At the same time, Bernanke said he would do whatever it takes to insure that “the dollar remains a strong and stable currency.” And just in case we missed it, he repeated the message twice in two separate speeches this week. Investors know that there are only two ways of strengthening one’s currency: central bank intervention or a rise in interest rates. Neither prospect seems possible right now.

Investors do not believe that the Fed would risk raising rates and sending the economy into a deeper recession. Nor do they believe that there is a coordinated global Central Bank plan afoot to support the dollar. Remember global food is priced in dollars. Given the riots and protests in many foreign capitals as a result of rising commodity prices, no foreign government is anxious to see those prices rise even higher.

So given the prospect of higher European rates, the greenback dropped against the Euro sending commodities skyrocketing. Oil spiked over 13% in two days to $139/bbl., helped along by tensions in the Middle East and a Wall Street analyst’s prediction that oil could reach $150/bbl. by July 4th.

If all this sounds familiar, I would urge you to re-read my March column “Is Stagflation Worst than Recession” for more insight into this conundrum. It seems to me we are caught between a rock and a hard place right now. Inflation is climbing, the economy is slowing and the on-going credit crisis among the banks and brokers is just a bit too dicey to risk taking any concrete action (raising rates) against inflation right now.

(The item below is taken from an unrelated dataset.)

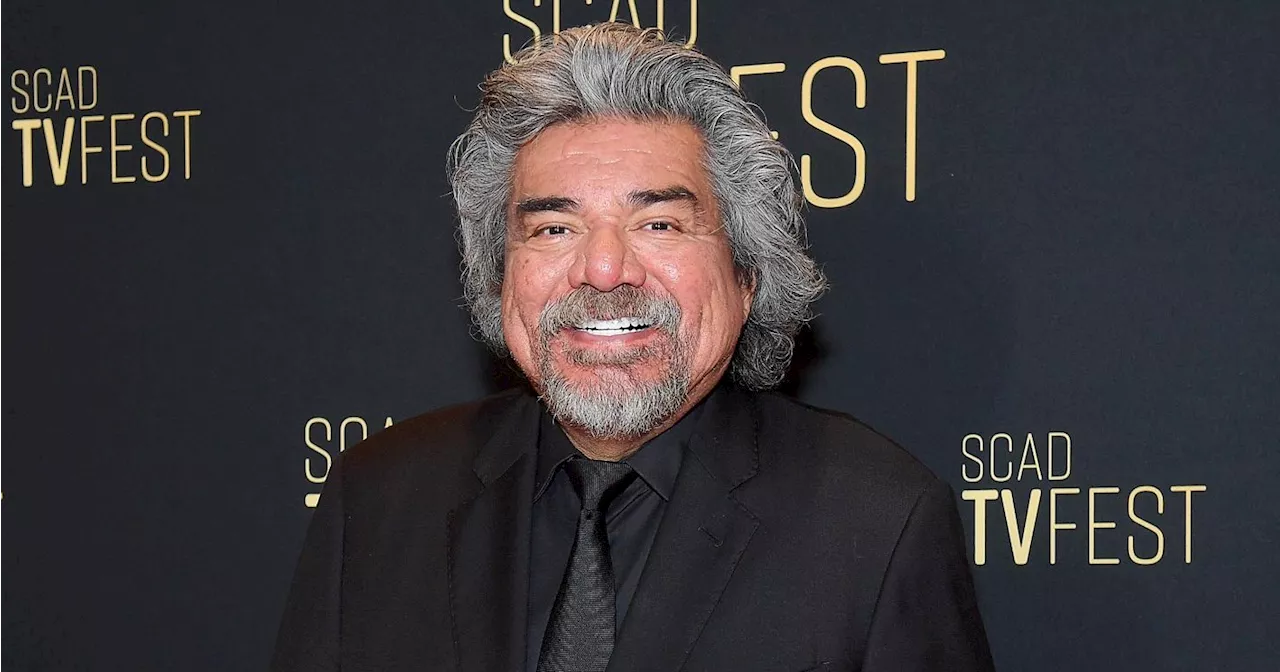 George Lopez Shares His Haunted House Story, More Fun Facts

So what’s a reader to do? Don’t panic and stay put for now. The S&P 500 closed at 1360 a little over 4% from my first downside support of 1300. The markets are still in a trading range. If commodities, especially oil, continue to march higher the stocks will go lower. My bet is that oil is in a classic speculative blow-off. Sit back and watch the fireworks. I expect we will re-test the lows but maybe at a higher level than 1285-1300. So far this is looking like a classic third leg down in a market bottoming process. If so, I would be prepared to start buying on the way down because I think the rest of the year will be up.